:: Raw data

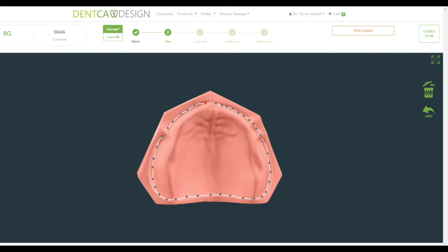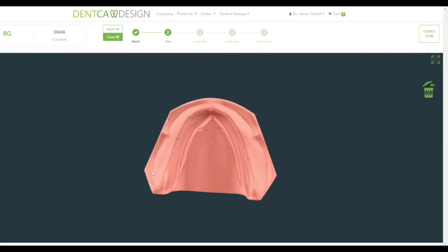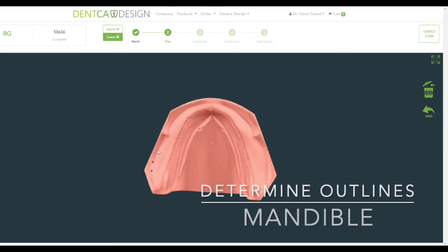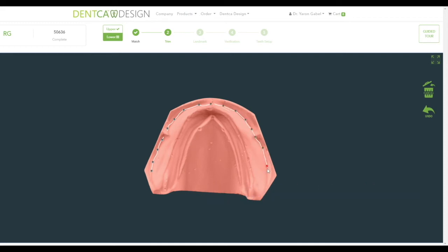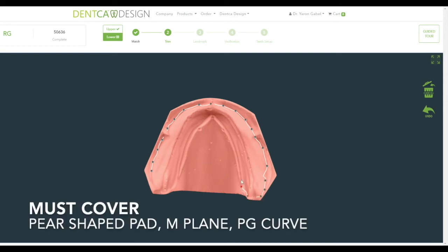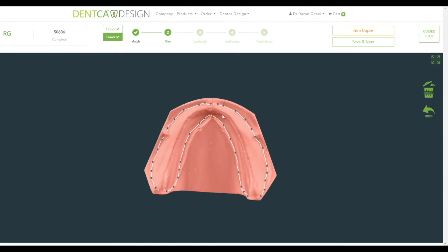Once the upper trimming is done, a checkmark should appear next to the word Upper on the top panel. Click the lower button under it and continue to trim the mandibular arch. Please note that if doing a single arch, it is still necessary to trim the opposing dentition model, especially in the case of the lower arch. This must be done so the Denka Design software can automatically arrange the teeth. Once the upper and lower trims are completed, click Done to continue, then click Save and Next to begin the next step.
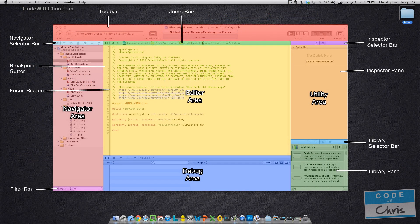So I created this graphic for you guys to illustrate what the different areas of Xcode are. As you can see, the big colored blocks represent the main areas of Xcode. We're going to start with the one on the left, the navigator area.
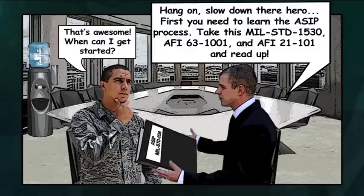Hang on, slow down there, hero. First, you need to learn the ASIP process. Take this MIL-STD 1530, the AFI 63-1001, and the AFI 21-101 and read up.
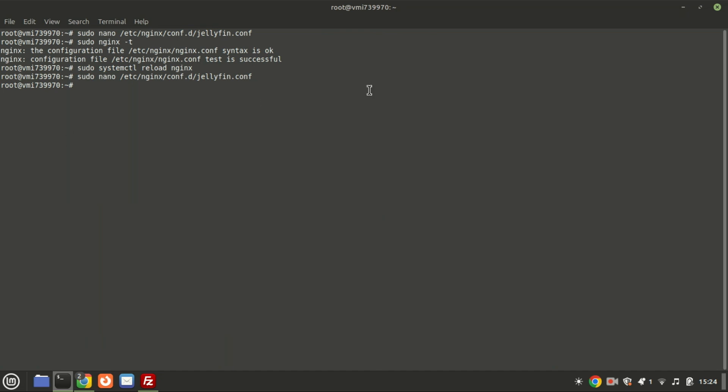Test the NGINX configuration using the command shown above, then reload NGINX for the changes to take effect.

::::

§ **Task to carry out**
For this task, give the full listing again verbatim and keep out every picture.

§ **Answer to this exercise**
Once the upper trimming is done, a checkmark should appear next to the word Upper on the top panel. Click the lower button under it and continue to trim the mandibular arch. Please note that if doing a single arch, it is still necessary to trim the opposing dentition model, especially in the case of the lower arch. This must be done so the Denka Design software can automatically arrange the teeth. Once the upper and lower trims are completed, click Done to continue, then click Save and Next to begin the next step.
So I created this graphic for you guys to illustrate what the different areas of Xcode are. As you can see, the big colored blocks represent the main areas of Xcode. We're going to start with the one on the left, the navigator area.
Hang on, slow down there, hero. First, you need to learn the ASIP process. Take this MIL-STD 1530, the AFI 63-1001, and the AFI 21-101 and read up.
Test the NGINX configuration using the command shown above, then reload NGINX for the changes to take effect.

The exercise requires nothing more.